Thinking through "nested-query" WebPPL models -- those where conditioning is nested inside conditioning. These are called doubly intractable in stats.
Examples include Bayesian social cognition models (including pragmatics models), Bayesian data analysis of Bayesian cognitive models, and posterior inference of model parameters for undirected models.
The approach currently explored is to create a gaussian process (GP) surrogate function for the probability of a return value from the sub-query with given params (or for its normalizing constant, which is usually the hard part). We should test this approach more thoroughly, and compare to other techniques.
The surrogate is implemented by providing a generic GP-cache function that is applied to the erp.score
of the marginal returned from the sub-query. When the cached function is called with given args, it: evaluates the GP, determines if the uncertainty (estimate variance) is above a threshold, if so it evaluates the underlying function and updates the GP, it then returns the GP estimate (mean) of the function value.
Currently the uncertainty threshold is a fixed parameter. It could potentially be adapted based on desired computation rate of the cached function, or other objectives. If the uncertainty threshold falls (quickly enough) an MCMC algorithms using these estimates will remain assymptotically unbiased (under some assumptions, such as boundedness of the cahced function domain).
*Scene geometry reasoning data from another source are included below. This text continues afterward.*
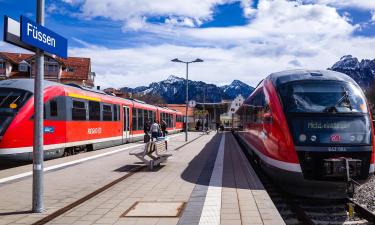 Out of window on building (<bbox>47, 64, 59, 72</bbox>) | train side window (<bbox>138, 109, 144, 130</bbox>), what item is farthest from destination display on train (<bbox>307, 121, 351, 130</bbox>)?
window on building (<bbox>47, 64, 59, 72</bbox>)

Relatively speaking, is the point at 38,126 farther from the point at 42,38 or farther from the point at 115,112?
the point at 115,112

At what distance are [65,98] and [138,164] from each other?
3998 millimetres

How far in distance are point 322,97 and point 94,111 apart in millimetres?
12908

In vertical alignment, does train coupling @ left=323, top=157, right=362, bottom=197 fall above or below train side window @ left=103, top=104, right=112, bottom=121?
below

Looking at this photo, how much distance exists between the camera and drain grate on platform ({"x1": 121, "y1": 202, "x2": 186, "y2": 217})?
730cm

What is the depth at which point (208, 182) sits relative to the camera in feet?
35.5

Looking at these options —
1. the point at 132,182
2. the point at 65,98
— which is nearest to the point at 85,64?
the point at 65,98

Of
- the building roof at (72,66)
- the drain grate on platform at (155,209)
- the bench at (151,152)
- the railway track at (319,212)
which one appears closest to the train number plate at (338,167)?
the railway track at (319,212)

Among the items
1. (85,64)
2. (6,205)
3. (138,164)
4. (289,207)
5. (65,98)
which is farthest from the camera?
(85,64)

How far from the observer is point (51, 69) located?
67188 mm

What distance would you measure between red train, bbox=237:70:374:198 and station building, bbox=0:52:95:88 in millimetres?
56208

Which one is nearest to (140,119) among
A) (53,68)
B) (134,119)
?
(134,119)

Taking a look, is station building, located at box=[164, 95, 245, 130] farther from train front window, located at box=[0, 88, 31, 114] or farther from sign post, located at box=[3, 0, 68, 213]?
sign post, located at box=[3, 0, 68, 213]

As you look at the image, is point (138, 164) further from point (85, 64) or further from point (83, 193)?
point (85, 64) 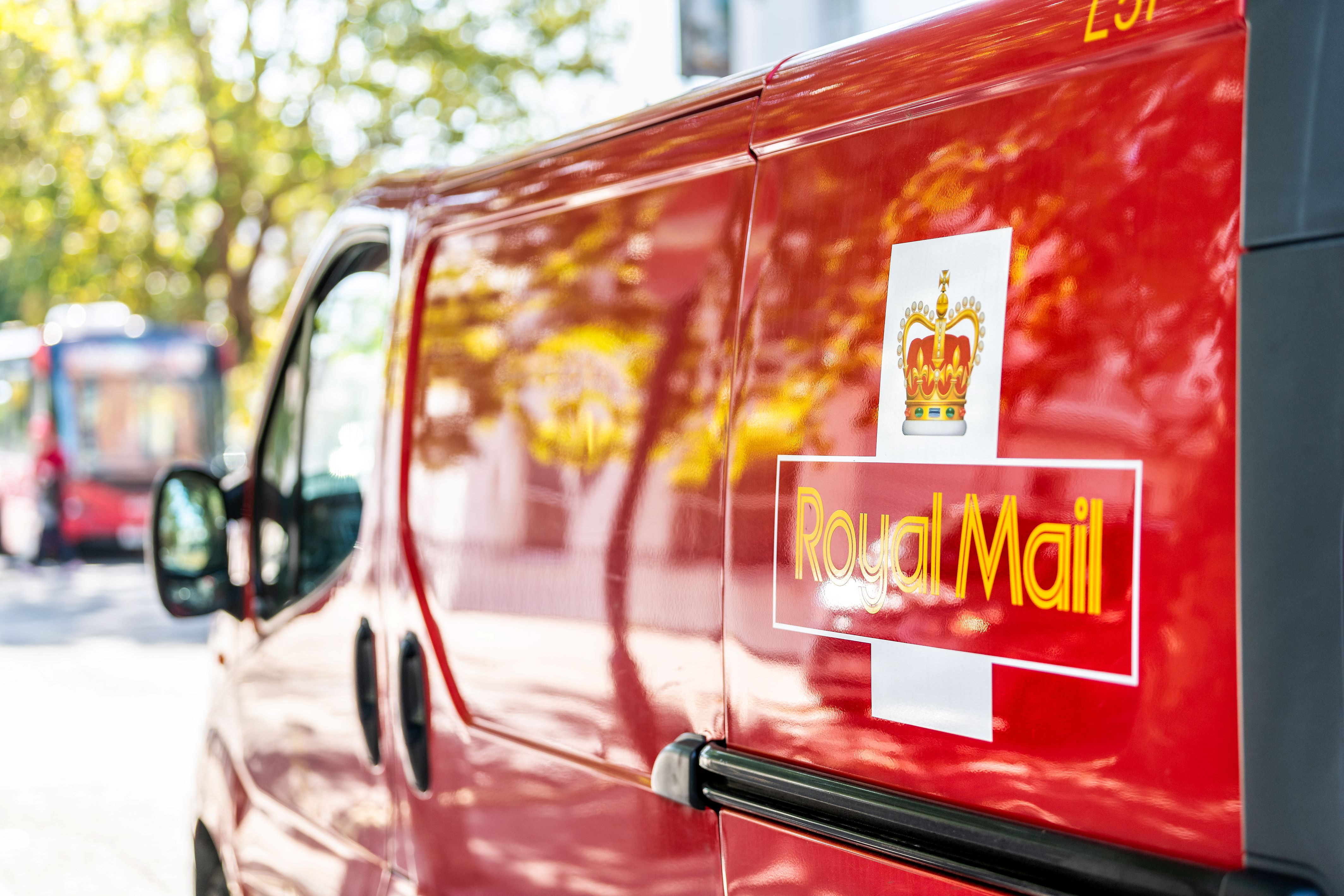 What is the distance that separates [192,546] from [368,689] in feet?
2.66

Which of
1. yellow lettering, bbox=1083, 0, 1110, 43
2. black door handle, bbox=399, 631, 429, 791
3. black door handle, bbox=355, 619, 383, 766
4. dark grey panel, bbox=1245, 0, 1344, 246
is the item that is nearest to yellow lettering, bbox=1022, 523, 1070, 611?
dark grey panel, bbox=1245, 0, 1344, 246

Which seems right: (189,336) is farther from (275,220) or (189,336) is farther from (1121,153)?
(1121,153)

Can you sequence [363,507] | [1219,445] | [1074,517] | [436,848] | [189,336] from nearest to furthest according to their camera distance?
[1219,445], [1074,517], [436,848], [363,507], [189,336]

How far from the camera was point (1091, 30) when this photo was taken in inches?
59.3

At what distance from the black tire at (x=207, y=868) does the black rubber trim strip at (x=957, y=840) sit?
6.92 ft

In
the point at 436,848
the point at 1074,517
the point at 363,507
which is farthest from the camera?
the point at 363,507

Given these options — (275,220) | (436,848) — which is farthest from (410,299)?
(275,220)

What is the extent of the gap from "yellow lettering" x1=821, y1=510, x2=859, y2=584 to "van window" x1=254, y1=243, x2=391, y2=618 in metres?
1.34

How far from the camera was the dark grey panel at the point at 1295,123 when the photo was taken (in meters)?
1.27

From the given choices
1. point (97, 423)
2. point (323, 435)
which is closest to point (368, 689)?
point (323, 435)

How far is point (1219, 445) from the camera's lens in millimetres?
1334

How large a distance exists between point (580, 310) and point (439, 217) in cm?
57

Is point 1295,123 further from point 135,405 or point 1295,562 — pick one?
point 135,405

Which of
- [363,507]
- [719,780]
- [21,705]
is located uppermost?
[363,507] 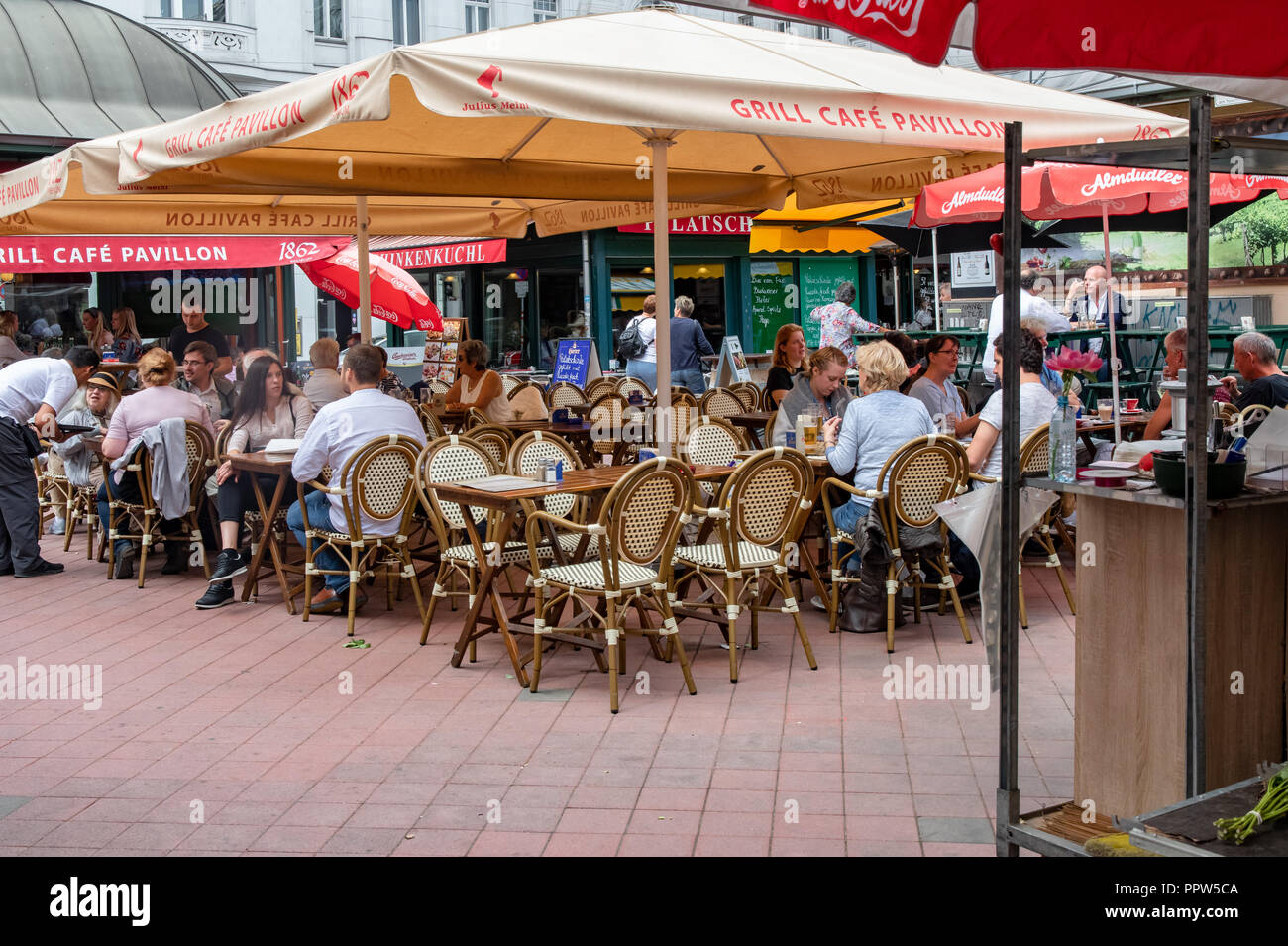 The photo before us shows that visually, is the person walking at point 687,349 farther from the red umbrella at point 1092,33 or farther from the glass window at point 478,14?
the glass window at point 478,14

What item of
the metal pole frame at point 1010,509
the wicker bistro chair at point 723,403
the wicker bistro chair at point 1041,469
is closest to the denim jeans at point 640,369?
the wicker bistro chair at point 723,403

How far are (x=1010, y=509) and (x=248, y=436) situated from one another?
5.92 meters

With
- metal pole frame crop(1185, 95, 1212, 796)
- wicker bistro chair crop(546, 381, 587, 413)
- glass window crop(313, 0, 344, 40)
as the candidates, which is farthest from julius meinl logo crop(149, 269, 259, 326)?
metal pole frame crop(1185, 95, 1212, 796)

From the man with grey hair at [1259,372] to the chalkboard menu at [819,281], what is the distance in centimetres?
1305

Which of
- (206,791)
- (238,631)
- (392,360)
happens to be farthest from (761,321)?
(206,791)

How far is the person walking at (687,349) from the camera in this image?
1320 cm

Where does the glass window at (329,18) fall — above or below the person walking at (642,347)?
above

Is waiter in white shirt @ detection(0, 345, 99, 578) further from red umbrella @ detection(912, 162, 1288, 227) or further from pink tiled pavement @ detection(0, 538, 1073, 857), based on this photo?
red umbrella @ detection(912, 162, 1288, 227)

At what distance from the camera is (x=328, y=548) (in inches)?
301

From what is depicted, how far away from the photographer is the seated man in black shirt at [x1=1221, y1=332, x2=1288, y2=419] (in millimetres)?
7336

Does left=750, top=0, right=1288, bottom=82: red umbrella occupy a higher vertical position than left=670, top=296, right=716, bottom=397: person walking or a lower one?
higher

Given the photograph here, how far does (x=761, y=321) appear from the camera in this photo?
20766 millimetres

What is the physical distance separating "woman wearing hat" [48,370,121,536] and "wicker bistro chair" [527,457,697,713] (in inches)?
188

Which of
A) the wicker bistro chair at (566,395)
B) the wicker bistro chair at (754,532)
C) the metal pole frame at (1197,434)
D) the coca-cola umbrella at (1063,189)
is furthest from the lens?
the wicker bistro chair at (566,395)
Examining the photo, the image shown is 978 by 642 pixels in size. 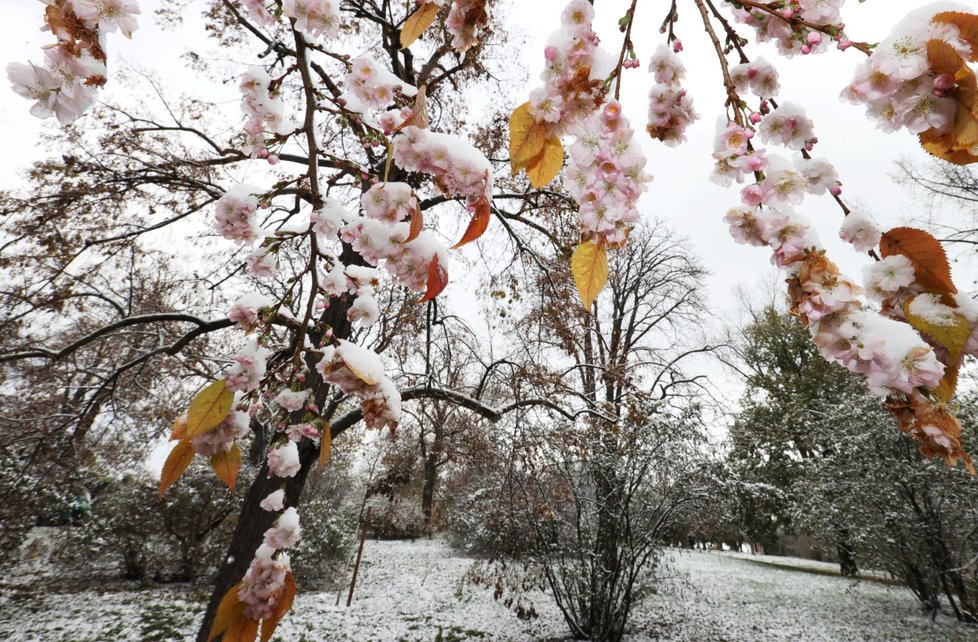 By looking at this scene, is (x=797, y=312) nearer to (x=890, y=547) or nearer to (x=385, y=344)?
(x=385, y=344)

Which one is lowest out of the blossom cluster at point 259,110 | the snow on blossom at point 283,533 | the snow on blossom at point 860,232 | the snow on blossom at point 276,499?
the snow on blossom at point 283,533

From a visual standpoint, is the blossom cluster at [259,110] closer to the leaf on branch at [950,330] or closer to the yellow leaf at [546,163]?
the yellow leaf at [546,163]

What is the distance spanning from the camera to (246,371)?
78 cm

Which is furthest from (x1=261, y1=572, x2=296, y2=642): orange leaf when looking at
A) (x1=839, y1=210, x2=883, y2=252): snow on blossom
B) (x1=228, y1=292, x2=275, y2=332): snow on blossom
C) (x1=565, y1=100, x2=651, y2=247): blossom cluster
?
(x1=839, y1=210, x2=883, y2=252): snow on blossom

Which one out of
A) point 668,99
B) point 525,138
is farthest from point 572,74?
point 668,99

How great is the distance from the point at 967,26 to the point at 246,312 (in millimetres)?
1065

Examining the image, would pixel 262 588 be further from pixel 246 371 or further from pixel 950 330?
pixel 950 330

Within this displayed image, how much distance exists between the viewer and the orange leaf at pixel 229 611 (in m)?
0.64

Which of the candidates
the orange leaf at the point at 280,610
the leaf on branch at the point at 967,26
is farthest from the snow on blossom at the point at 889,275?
the orange leaf at the point at 280,610

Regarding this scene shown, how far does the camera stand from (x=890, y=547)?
6621 mm

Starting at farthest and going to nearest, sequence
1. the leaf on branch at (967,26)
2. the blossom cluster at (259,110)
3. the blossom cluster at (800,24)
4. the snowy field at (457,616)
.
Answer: the snowy field at (457,616)
the blossom cluster at (259,110)
the blossom cluster at (800,24)
the leaf on branch at (967,26)

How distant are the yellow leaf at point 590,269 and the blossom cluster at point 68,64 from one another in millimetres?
658

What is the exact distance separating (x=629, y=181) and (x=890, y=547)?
29.7 ft

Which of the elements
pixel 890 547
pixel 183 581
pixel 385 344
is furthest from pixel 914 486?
pixel 183 581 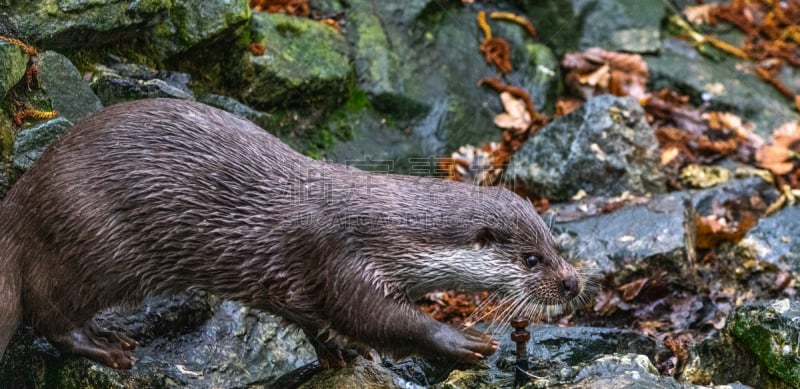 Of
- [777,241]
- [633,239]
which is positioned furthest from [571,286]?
[777,241]

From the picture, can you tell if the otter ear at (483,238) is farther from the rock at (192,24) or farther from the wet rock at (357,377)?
the rock at (192,24)

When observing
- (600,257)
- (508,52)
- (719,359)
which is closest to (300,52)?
(508,52)

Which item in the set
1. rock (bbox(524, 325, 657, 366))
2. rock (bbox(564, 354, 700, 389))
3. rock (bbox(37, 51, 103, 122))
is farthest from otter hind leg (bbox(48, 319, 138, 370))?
rock (bbox(564, 354, 700, 389))

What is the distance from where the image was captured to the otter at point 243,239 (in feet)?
12.0

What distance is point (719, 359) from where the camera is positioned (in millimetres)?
4234

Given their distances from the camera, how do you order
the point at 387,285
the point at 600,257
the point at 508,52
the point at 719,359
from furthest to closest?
1. the point at 508,52
2. the point at 600,257
3. the point at 719,359
4. the point at 387,285

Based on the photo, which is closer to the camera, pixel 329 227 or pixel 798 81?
pixel 329 227

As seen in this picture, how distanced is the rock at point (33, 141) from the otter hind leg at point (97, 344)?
0.87 metres

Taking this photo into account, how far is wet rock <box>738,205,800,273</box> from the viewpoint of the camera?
541cm

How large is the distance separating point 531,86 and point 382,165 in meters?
1.71

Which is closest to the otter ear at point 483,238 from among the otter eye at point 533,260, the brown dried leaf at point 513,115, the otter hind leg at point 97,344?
the otter eye at point 533,260

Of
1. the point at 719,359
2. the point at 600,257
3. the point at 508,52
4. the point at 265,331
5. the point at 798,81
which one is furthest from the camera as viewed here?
the point at 798,81

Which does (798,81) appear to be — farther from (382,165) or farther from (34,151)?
(34,151)

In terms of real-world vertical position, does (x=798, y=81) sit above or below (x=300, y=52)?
below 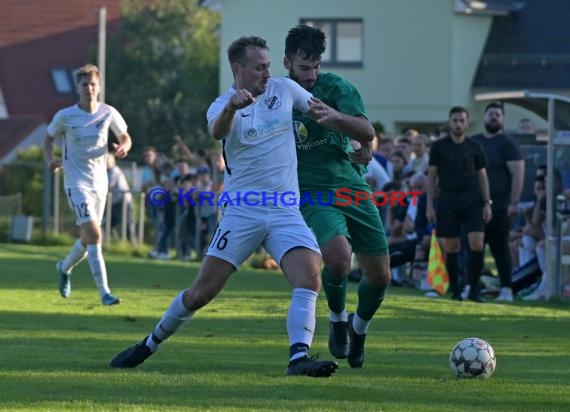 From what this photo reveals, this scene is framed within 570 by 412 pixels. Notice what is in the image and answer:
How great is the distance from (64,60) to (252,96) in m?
58.7

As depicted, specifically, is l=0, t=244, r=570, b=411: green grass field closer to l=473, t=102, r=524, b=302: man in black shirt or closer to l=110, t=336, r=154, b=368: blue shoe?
l=110, t=336, r=154, b=368: blue shoe

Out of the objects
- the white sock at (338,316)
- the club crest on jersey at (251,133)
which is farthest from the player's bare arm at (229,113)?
the white sock at (338,316)

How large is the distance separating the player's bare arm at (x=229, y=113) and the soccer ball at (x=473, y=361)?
2002 mm

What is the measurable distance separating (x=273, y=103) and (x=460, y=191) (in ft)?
26.9

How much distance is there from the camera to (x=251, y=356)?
10164 mm

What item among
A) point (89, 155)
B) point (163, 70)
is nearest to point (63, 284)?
point (89, 155)

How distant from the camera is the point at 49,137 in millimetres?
14734

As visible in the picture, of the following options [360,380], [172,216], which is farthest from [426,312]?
[172,216]

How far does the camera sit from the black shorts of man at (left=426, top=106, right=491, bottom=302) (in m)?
16.6

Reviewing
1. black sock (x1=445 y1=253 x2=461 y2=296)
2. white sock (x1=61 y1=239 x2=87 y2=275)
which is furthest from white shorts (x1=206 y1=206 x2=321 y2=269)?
black sock (x1=445 y1=253 x2=461 y2=296)

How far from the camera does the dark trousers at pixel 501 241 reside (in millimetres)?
17234

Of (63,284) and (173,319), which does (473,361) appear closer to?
(173,319)

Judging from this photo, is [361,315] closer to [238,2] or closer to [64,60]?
[238,2]

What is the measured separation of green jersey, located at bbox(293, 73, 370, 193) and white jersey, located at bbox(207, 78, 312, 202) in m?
0.85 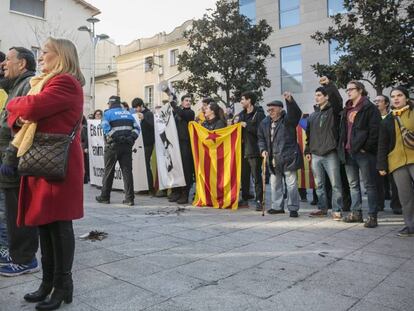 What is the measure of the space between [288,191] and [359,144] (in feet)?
4.58

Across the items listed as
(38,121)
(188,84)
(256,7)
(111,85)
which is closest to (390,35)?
(188,84)

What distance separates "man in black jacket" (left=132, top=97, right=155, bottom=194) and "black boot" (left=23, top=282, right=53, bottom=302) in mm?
6049

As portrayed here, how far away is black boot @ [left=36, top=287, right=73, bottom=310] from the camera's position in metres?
2.73

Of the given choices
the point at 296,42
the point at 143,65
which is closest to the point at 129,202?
the point at 296,42

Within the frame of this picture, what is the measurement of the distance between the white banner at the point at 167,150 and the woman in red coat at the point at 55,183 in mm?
5005

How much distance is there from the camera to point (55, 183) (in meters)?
2.76

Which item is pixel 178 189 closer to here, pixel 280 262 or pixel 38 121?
pixel 280 262

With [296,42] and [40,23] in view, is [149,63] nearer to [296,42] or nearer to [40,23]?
[40,23]

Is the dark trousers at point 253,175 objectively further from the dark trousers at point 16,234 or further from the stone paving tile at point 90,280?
the dark trousers at point 16,234

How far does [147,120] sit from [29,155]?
20.0 feet

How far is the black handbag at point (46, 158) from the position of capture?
2.67 metres

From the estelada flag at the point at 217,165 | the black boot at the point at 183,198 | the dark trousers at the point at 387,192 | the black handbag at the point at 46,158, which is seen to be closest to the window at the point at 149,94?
the black boot at the point at 183,198

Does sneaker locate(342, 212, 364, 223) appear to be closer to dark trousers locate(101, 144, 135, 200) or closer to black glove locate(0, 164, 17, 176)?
dark trousers locate(101, 144, 135, 200)

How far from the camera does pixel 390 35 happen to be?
11.5m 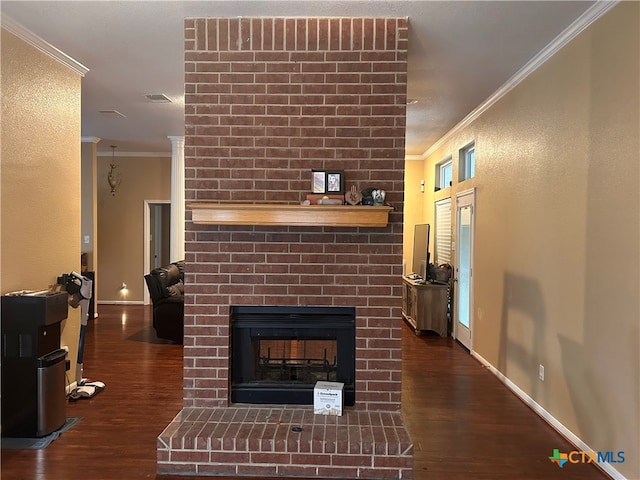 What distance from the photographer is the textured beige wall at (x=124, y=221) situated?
8094 millimetres

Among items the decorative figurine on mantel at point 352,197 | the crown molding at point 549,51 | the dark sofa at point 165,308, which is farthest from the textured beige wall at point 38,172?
the crown molding at point 549,51

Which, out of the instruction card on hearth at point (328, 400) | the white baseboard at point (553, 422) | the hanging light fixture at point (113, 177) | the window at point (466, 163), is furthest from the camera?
the hanging light fixture at point (113, 177)

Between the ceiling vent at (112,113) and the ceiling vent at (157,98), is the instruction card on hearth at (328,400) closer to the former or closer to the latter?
the ceiling vent at (157,98)

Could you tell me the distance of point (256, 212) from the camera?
272 centimetres

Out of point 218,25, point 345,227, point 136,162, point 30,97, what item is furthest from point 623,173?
point 136,162

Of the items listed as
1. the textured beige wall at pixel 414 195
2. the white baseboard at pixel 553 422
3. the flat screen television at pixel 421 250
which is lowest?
the white baseboard at pixel 553 422

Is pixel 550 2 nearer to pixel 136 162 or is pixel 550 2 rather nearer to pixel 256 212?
pixel 256 212

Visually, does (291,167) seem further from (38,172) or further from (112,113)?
(112,113)

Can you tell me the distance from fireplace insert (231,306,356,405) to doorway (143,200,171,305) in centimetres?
566

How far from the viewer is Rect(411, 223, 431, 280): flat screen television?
6.46 m

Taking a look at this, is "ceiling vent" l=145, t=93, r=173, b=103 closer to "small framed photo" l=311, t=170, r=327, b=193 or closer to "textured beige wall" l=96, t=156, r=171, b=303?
"small framed photo" l=311, t=170, r=327, b=193

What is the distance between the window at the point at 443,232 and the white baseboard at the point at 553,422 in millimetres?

One relatively easy extension would be to provide the gradient of the GP, in order to make this surrogate method compatible with HMC (which requires gradients). This seems like a good idea for cases like Bayesian data analysis of a cognitive model, where there are often a lot of continuous parameters (e.g. subject-wise and item-wise random effects).
There are a number of other approaches for doubly-intractible MCMC, and it would be worth thinking more generally. For example, in MCMC for doubly-intractable distributions they point out that an unbiased estimator for the intractable likelihood is enough to get an unbiased MH for the whole model (via pseudo-marginal MH). This one extends these ideas, as well as reviewing current approaches.
Requires sylvester math library (used by gaussian process code). Do npm install sylvester
.
Gaussian process code was adapted from gaussianprocess.js.